The rouble fell by 1 per cent on Tuesday against the combined dollar/euro basket of currencies after the central bank lowered the floor by the same amount.

This was the first time since 2005 that the central bank has lowered the limit at which it will defend the rouble by selling its foreign currency reserves.

The central bank faces the danger that, by signalling a devaluation may be on the cards, it may spark a run on the rouble. Russia's stock market on Tuesday fell more than 10 per cent, and trading was halted briefly.
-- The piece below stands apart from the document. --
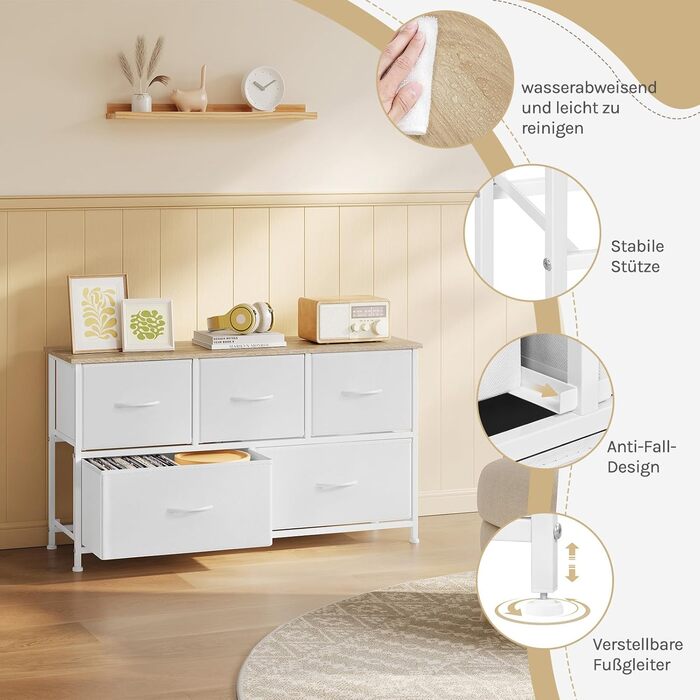 Комод WOLTU з 5 висувними ящиками з тканини, шафа-комод, тумба під TV, для вітальні, спальні, передпокою, з металевим каркасом та ДСП, білий, SSK005ws, білий, 5 тканинних ящиків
Traders estimated the central bank had to sell $7 billion to keep the rouble stable at its new level, of 30.79 against a basket of 55 per cent dollars and 45 per cent euros -- its weakest level since the new basket was introduced in February 2007.

The move comes after statements by Sergei Ignatyev, the central bank governor, indicating that a further devaluation was possible. "I do not rule out more flexibility in the rouble exchange rate with some tendency toward a weakening of the rouble against some foreign currencies in current conditions," he said on Monday.

A large devaluation could expose the government to serious political consequences. A poll released last week by the Levada Center, a Moscow sociological research agency, found that the approval rating of both Dmitry Medvedev, president, and his prime minister, Vladimir Putin, fell in October by 7 per cent and 5 per cent respectively because of the economic crisis -- though both ratings remain at near historic highs.

But holding the rouble stable may ultimately be futile as the price of oil, Russia's main export, falls and international credit markets dry up, analysts said. Rory MacFarquhar of Goldman Sachs in Moscow said Tuesday's step was necessitated partly by the costs of defending the rouble at its previous level.

"It's the first time since 2005 that they have made a move that would weaken the exchange rate," he said.

The central bank has lost $112 billion in reserves since they peaked at $597 billion in early August. "The policy of holding the rouble within a band against the basket, which was originally designed to slow the appreciation of the currency, has rapidly mutated into a defence of an overvalued exchange rate with the decline in oil prices and the global sudden stop in capital flows."

Previous modifications to the rouble's euro/dollar trading band were designed to prevent the currency from appreciating, rather than depreciating, as foreign money poured into oil-rich Russia. But now, with oil prices falling, Russia probably faces a current account deficit.